Activity.
An exact transcription of every record below is required, with the pictures left out.

Working data.
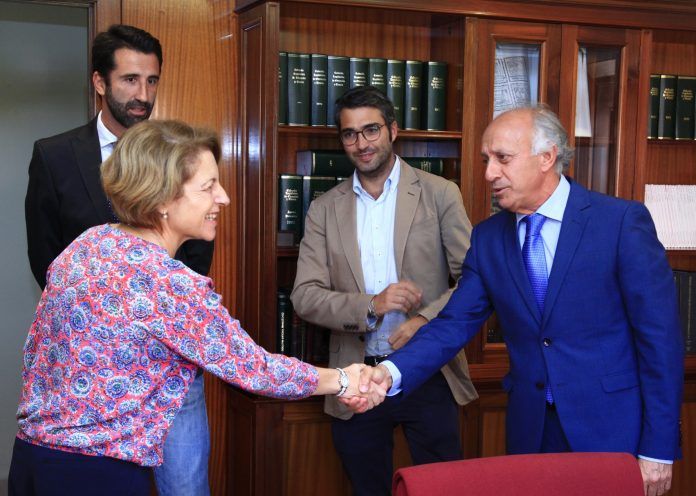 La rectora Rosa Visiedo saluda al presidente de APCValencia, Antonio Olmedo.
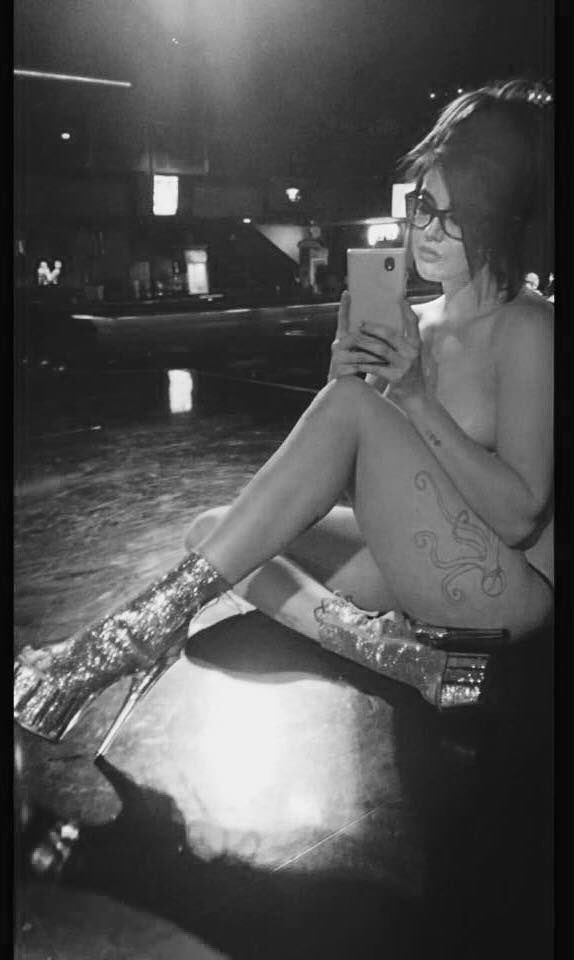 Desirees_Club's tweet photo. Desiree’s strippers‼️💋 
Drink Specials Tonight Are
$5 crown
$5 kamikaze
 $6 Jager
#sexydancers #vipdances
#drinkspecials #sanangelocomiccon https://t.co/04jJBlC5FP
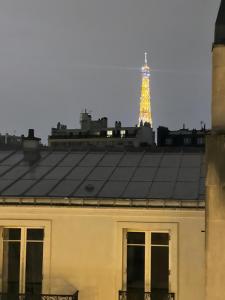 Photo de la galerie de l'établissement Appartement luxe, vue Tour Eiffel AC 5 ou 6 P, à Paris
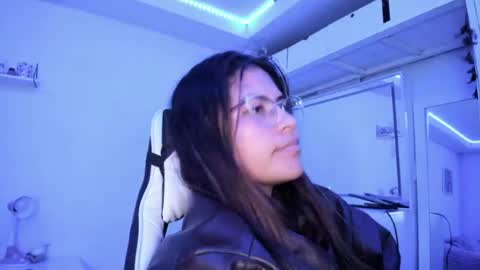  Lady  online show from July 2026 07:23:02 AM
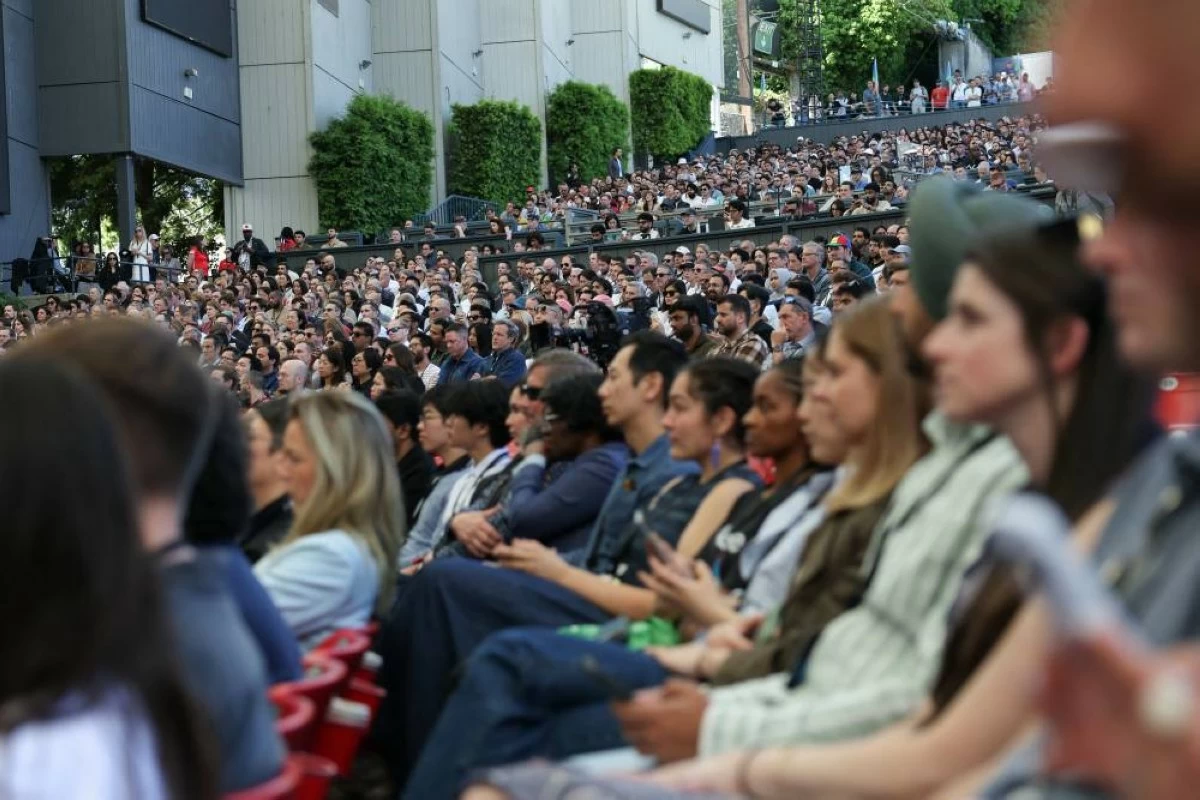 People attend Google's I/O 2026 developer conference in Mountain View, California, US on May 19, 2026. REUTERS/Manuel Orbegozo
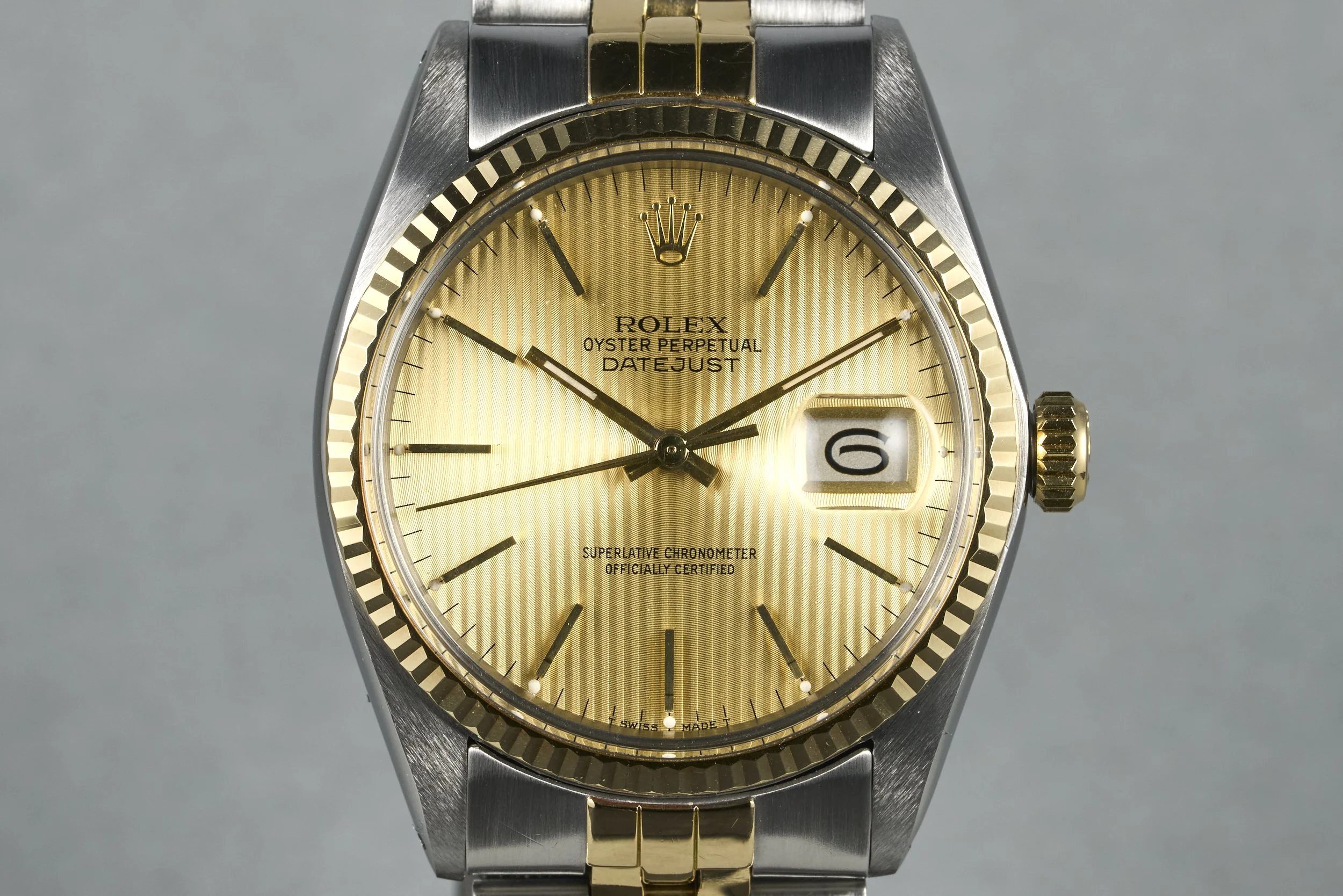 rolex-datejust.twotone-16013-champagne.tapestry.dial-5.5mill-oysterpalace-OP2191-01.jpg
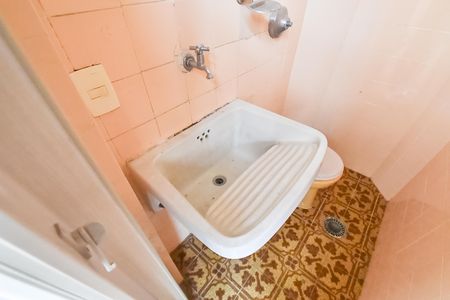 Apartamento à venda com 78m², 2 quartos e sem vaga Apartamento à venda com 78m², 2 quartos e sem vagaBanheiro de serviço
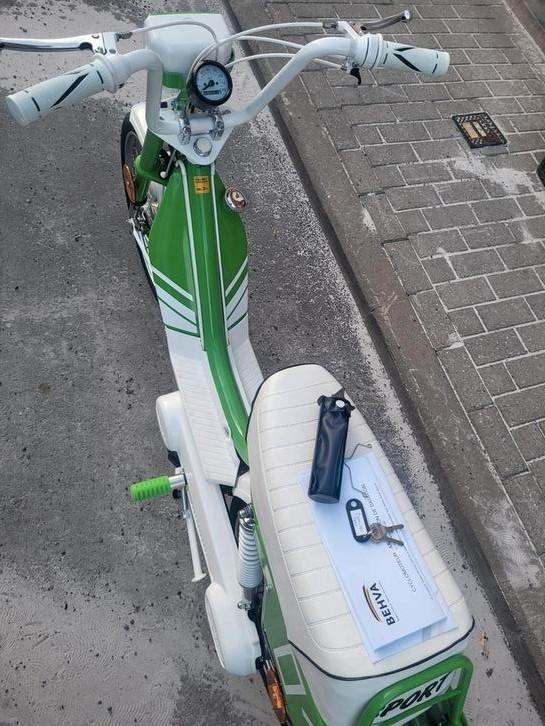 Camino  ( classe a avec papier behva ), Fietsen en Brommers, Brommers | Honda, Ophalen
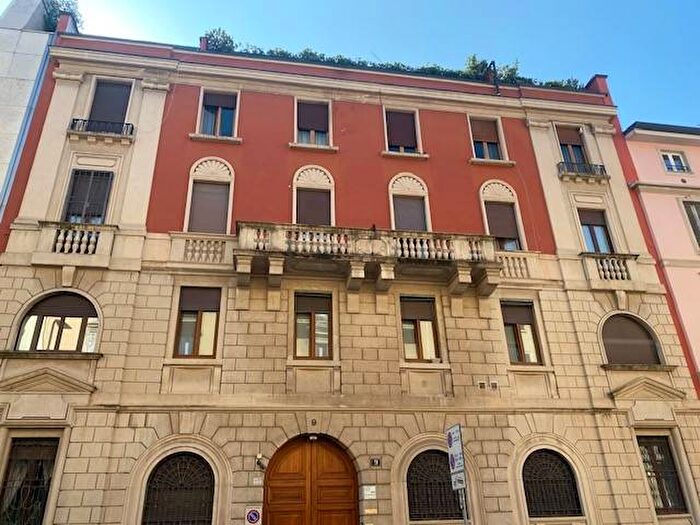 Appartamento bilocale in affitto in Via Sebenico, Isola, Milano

Your response.
 La rectora Rosa Visiedo saluda al presidente de APCValencia, Antonio Olmedo.
 Desirees_Club's tweet photo. Desiree’s strippers‼️💋 
Drink Specials Tonight Are
$5 crown
$5 kamikaze
 $6 Jager
#sexydancers #vipdances
#drinkspecials #sanangelocomiccon https://t.co/04jJBlC5FP
 Photo de la galerie de l'établissement Appartement luxe, vue Tour Eiffel AC 5 ou 6 P, à Paris
  Lady  online show from July 2026 07:23:02 AM
 People attend Google's I/O 2026 developer conference in Mountain View, California, US on May 19, 2026. REUTERS/Manuel Orbegozo
 rolex-datejust.twotone-16013-champagne.tapestry.dial-5.5mill-oysterpalace-OP2191-01.jpg
 Apartamento à venda com 78m², 2 quartos e sem vaga Apartamento à venda com 78m², 2 quartos e sem vagaBanheiro de serviço
 Camino  ( classe a avec papier behva ), Fietsen en Brommers, Brommers | Honda, Ophalen
 Appartamento bilocale in affitto in Via Sebenico, Isola, Milano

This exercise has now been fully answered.